I walked into Miss2's room this week and found she'd dressed herself for a nap. As you can see from the photo she'd gone off to sleep dressed in one half of every pajama set she has. 

I can't wait to take her shopping. Maybe we can go to Woolies and visit Nanny :)





Wednesday, March 21, 2012

Dumbbells

We struggle some mornings to deliver all our kids to their respective destinations. Especially Mondays where we have Tafe, primary school, prep and daycare, and that's before we look at work. Sometimes in the melee things get left behind - homework, lunches, kids.

We've driven kids to school in their PJ's. Once is usually enough.

I'm assured, however, this isn't a problem confined to our household.

Take my friend, Jelly, for example. Because it isn't hard enough for a working mum to fit exercise into her day, my friend's kids decided they wanted to join her at gym this morning. This meant the usual morning chaos to get the kids moving and everyone out of the house and to their respective schools on time was brought forward an hour.

Deciding if they were all going into town anyway they may as well not return home before starting work and school she bellowed at her kids to grab their uniforms. This would claw back fifteen minutes of her morning, giving her time for a nice relaxing cup of coffee before work.

"Have you got a shirt and shorts?" she asked her son, Master14, in the car, because experience has taught her if somethings going to go wrong it's going to go wrong with him. "Your socks? Shoes? Hat and homework? Schoolbag and lunch?" Had she missed anything ? "Are you wearing undies?"

All responses in the affirmative, they headed to gym.

It was only after gym she realized her mistake: poor instructions.
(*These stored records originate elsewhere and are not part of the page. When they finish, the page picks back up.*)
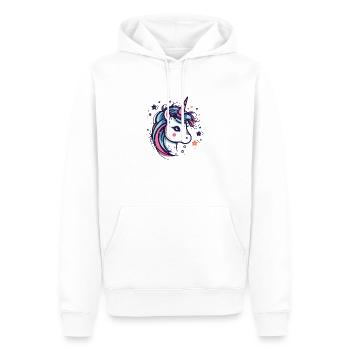 Licorne - Sweat à capuche Premium bio Homme - blanc - Devant - Nico (187cm)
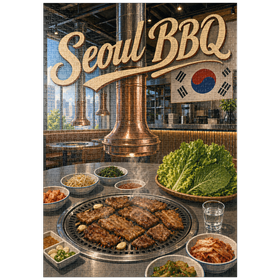 Darstellung des Puzzle Motivs Innenausstattung und Atmosphäre eines koreanischen BBQ-Restaurants in Seoul - Puzzleteile: 1000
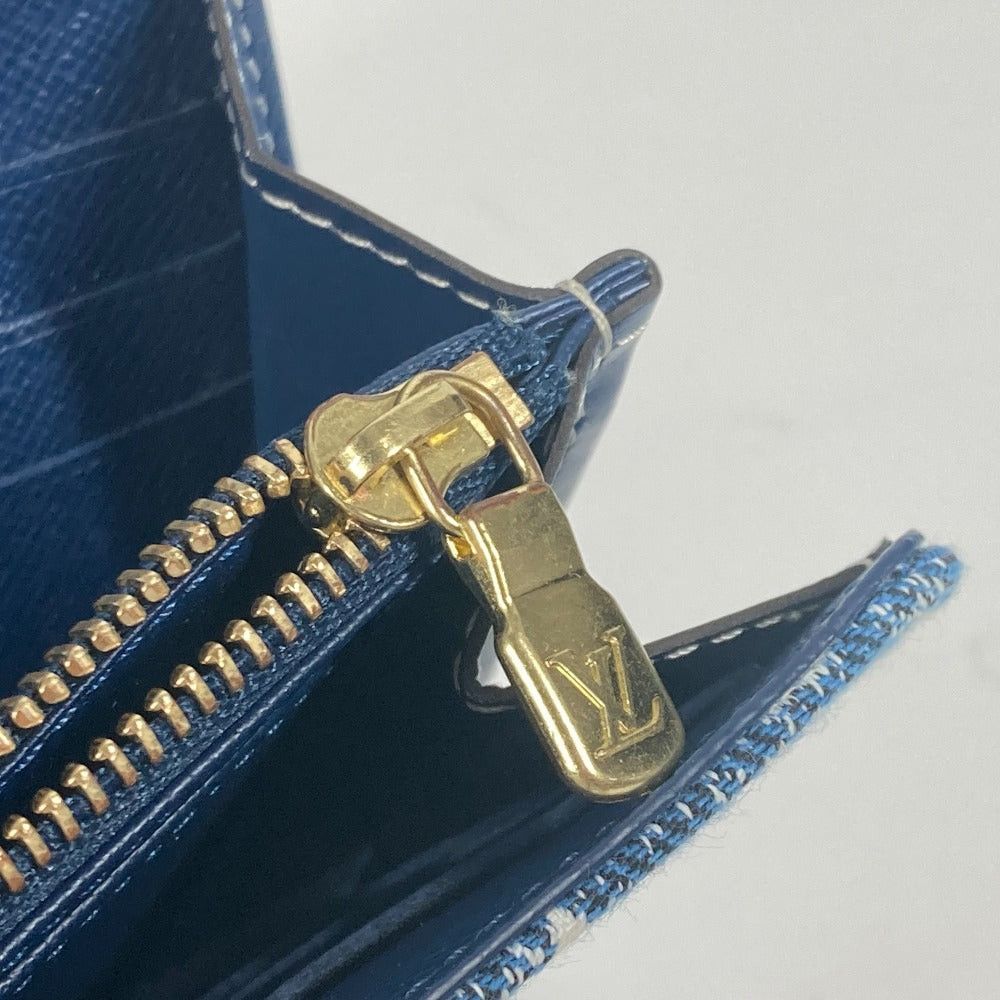 Louis Vuitton M81183 Monogram Jacquard Denim Portofoil Sala Long Wallet Women Blue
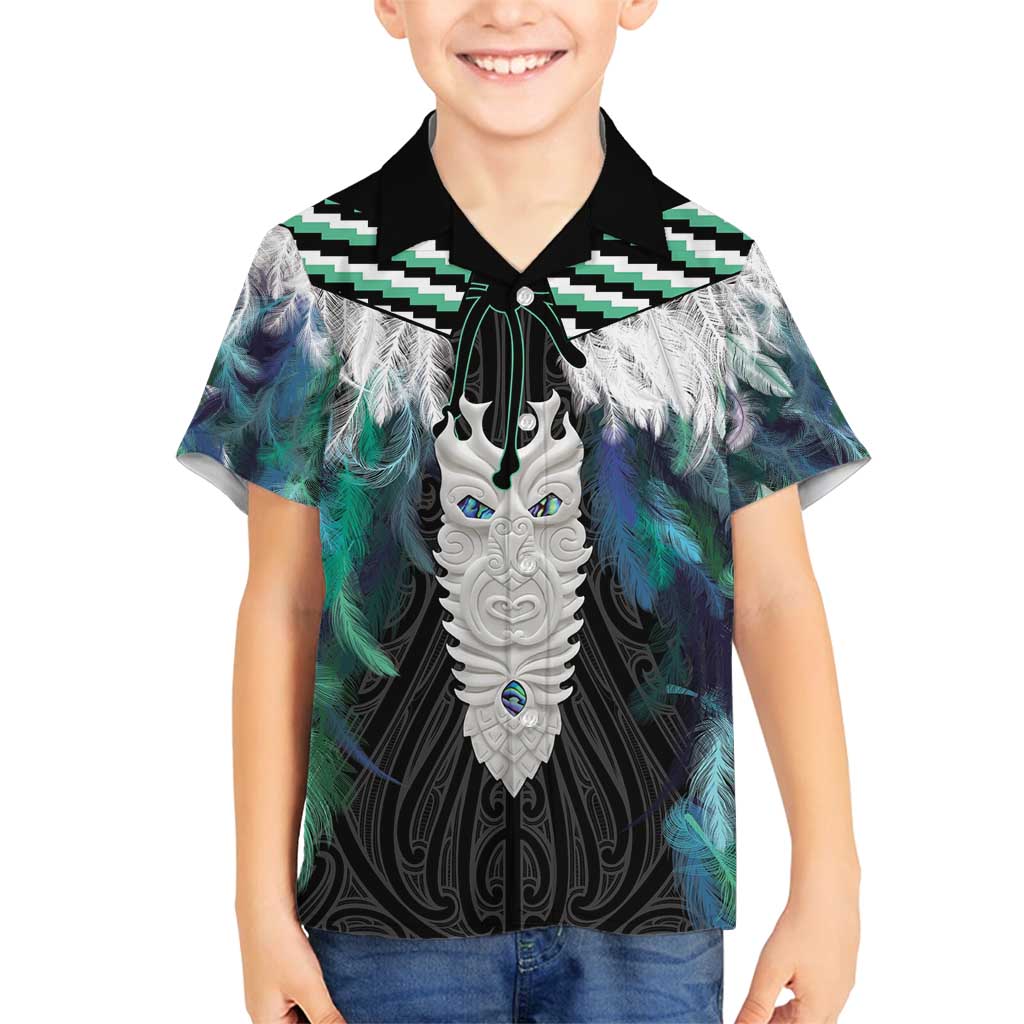 Aotearoa Korowai Motif Family Matching Summer Maxi Dress and Hawaiian Shirt Maori Tane Poutama LT14 Son's Shirt Turquoise - Polynesian Pride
What she should have said, she saw with the benefit of hindsight, was grab yourself a uniform from your wardrobe.

Instead, what Master14 did was to open up the washing machine and take out the clean but still wet set of clothes he'd worn the day before.

Despite this, my friend was determined to avoid returning home, the end result being she stood, bonnet up next to the school, dangling her son's wet clothes over the running engine of her car in an attempt to dry them.

Needless to say she didn't quite make it to that relaxing cup of coffee before work, but I'm betting she could have done with it.